Getting their picture taken...

more...


----------



## red-haze.com (Jan 16, 2004)

Walt flys like a blur









Tim acts surprised









Meatfoot survives


----------



## red-haze.com (Jan 16, 2004)

*Sunshine at last*









Lef-T rolls it out









Angela and Susan reflect on the day









*Dirty Bird!*


----------



## shiggy (Dec 19, 1998)

Thanks, Bob. Please post more if you have 'em.

I took only jumpy, sometimes really dark video which I need to (learn to) edit. Some of it is pretty fun. Sure flattens everything, though.


----------



## Sasquatch (Dec 23, 2003)

Here's a few teasers for now. I'll try to post more tonight.



















I had a great time yesterday, and met lotsa cool folks. 60 riders came out, and everyone went home satisifed. It was fun to show off our trails, and I must say, most of them were in pretty great shape. We've put forth lotsa hard work on those trails, and it paid off, with extra miles, and better conditions. There was a little mud, but not too bad. We even got lucky with the weather, and didnt see any rain until we were done riding. It was truly the best ride of the summer.  
It was also great to see so many different DOD people, new and old, come together to pull the day off with out a hitch.


----------



## hiawatharider (Nov 12, 2005)

Thanks again for the great ride. Seems wierd to put these photos on the SS side but Meatfoot would smile on the endevor. Now let's see if I can make the photo side work. Round one it seems. Guess I can't hog server space with photos...


----------



## hiawatharider (Nov 12, 2005)

Round too...wish I had more film for the day. Ya all take care.


----------



## shiggy (Dec 19, 1998)

My first video clip: The Pubic Zone, 35 sec, 4.56MB, Quicktime format. Cheezy sound effects.

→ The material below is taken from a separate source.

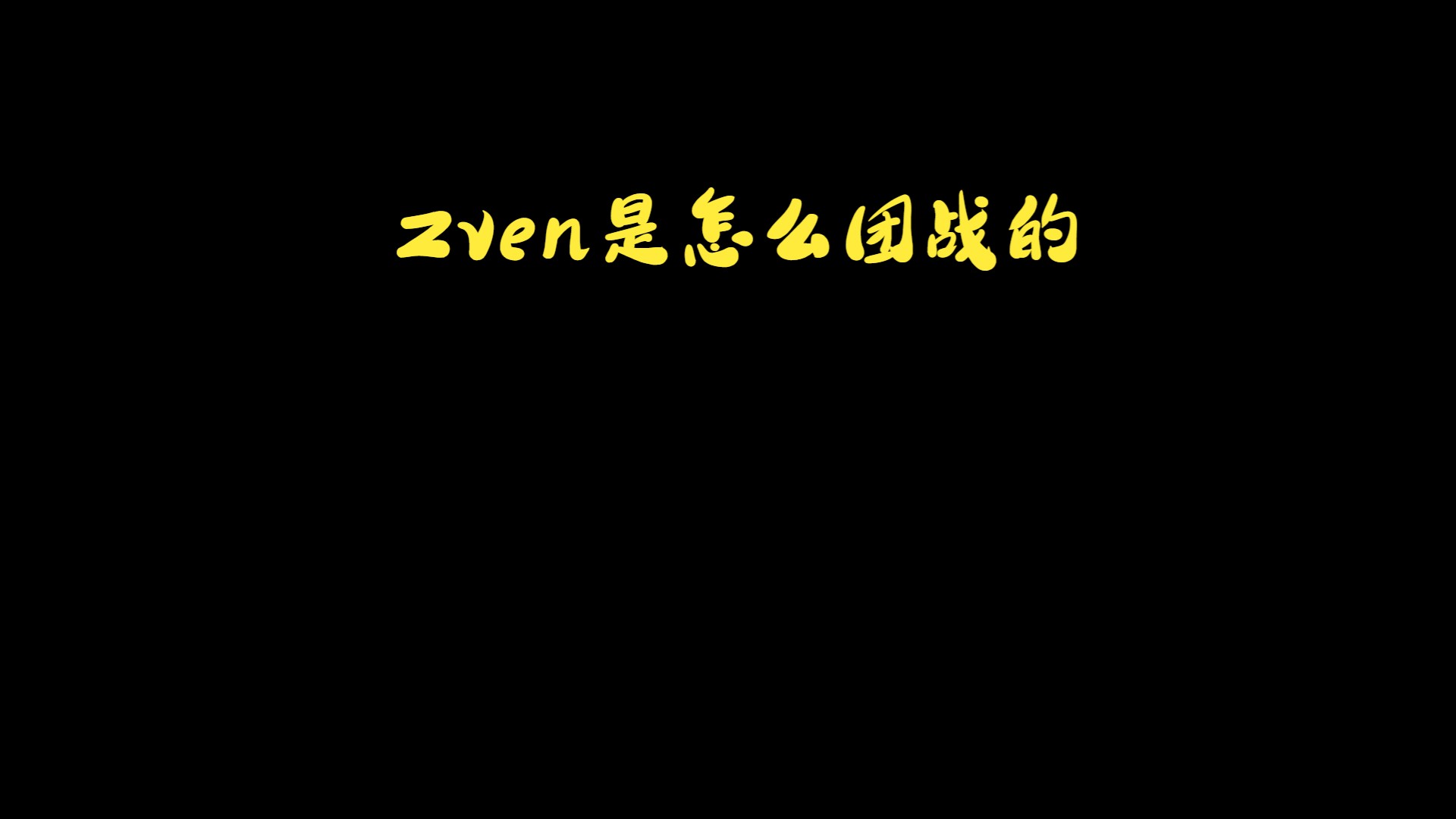 b体育下载:《英雄联盟》后期团战分析，战队如何完美执行战术的简单介绍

Please right-click and copy file: http://mtbtires.com/movies/acm06/pubic_zone.mov

A version without the sound effects. Much smaller file (1.7MB): http://mtbtires.com/movies/acm06/pubic_zone2.mov


----------



## Sasquatch (Dec 23, 2003)

Here's some more pictures

The supersecret gravel pile









SSConny riding Barbie









She's into bondage









Randy Blue. He had the biggest camera, and looked like he knew what he was doing, so I'm looking forward to seeing a few of his shots.









Wreckless and TomL ready to ride









Sparticus reads the liability disclaimer, and announces that he's the best rider in all of Oregon.









the crowd looks skeptical









group shot before the ride









The mid ride snack wagon, serving salty sweets and hoppy treats









Boyd rolls up to the snack wagon









Eugene, from WIllamette Mountain Mercantile, rolls in for a snack









Randy gets a little assistance from "Pepe, his little mule"


----------



## Sasquatch (Dec 23, 2003)

Sparty's here, now the party can get started!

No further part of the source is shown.